杨清伸手推大哥,“你出去,二哥听不到,那你也不能听。站在外面帮我们望风。”
杨大哥杨习文望一眼亲爹,也瞪着他,无奈的只能站起来走了出去。边走还边给杨清使眼色,眼神中全是谴责。
杨清才不管呢,用眼睛瞪瞪他还挥舞紧握的拳头示威。恐吓大哥。
让一边看戏的老三兄弟都觉得两个孩子挺幼稚的,好笑的望着兄妹俩。
等杨习文出去站在大门外的台阶下,杨清才噔噔的回到堂屋边上的另外一间房,堂屋两边的房屋,一间是杨父杨母居住,一间是原身的,即便她出嫁以后,这间房也给她留着。

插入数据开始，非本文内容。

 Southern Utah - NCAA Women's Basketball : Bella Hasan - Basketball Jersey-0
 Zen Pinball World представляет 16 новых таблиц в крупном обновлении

昨天被郑家送回来的陪嫁有一个老式的衣橱柜,两口老式木箱还有二十把带靠背的宽椅子,以及一张吃饭的四方桌,放脸盆搭毛巾的三角架,搁两口箱子的架子,木的脸盘,洗澡盆等等。
昨天她走了以后,肯定都放回了原身以前的房间。
箱子衣橱柜都带有老式的铜锁,杨清跑进房,再次出来的时候,手中抱着一个大大的盒子。
坐在椅子上放在膝盖上,才说道,“都知道郑大地主(以前的地主)一家没人了。只是他家的财产也跟着消失,没有人找到过。
我嫁过去以后,总是去郑大地主老宅后面的山坳坳里捡柴火,捡蘑菇。可有一次,我无意中一棵大树下,扒开野草弄蘑菇的时候我发现了一株人参,虽然咱这边很少有人参,都说北方才有。可也不是没有。
我记得爷爷以前说过,咱家祖上就在南云山挖到过人参,还讲过人参是什么模样?我就看那东西长得像人参,一个人悄悄咪咪的挖。
只是没想到,挖了地面上的宝,下面还有宝。怕挖断根,我挖的很深,在下面还挖出来别的宝贝,用层层东西包裹的这个盒子,上面用铁皮还有两层木盒,以及油纸,抱了好些层。
我挖出来了这个盒子,又悄咪咪的弄开。里面是满满一盒子的大小黄鱼还有成套的首饰。我想那边能埋这个的,肯定只有郑家。
当时我是挖出来以后,藏在背篓中,然后上面用蘑菇盖着,一路悄悄的弄回家。
我一直没有对郑家任何一个人说起,就连郑江也没有说过。我想着以后留给我的孩子们,没想到会离婚。我想明天进市里悄悄找有钱人卖掉,到时候拿钱在市里买套房子,再把老宅推掉盖一盖。
也不用盖很大,盖三间正房,再东西厢房一边盖三间。都盖青砖瓦房,窗户弄上玻璃。只是先盖三间正房,还有两间耳房,一间二房做厨房,一间做厕所。至于东西厢房过两年再盖。”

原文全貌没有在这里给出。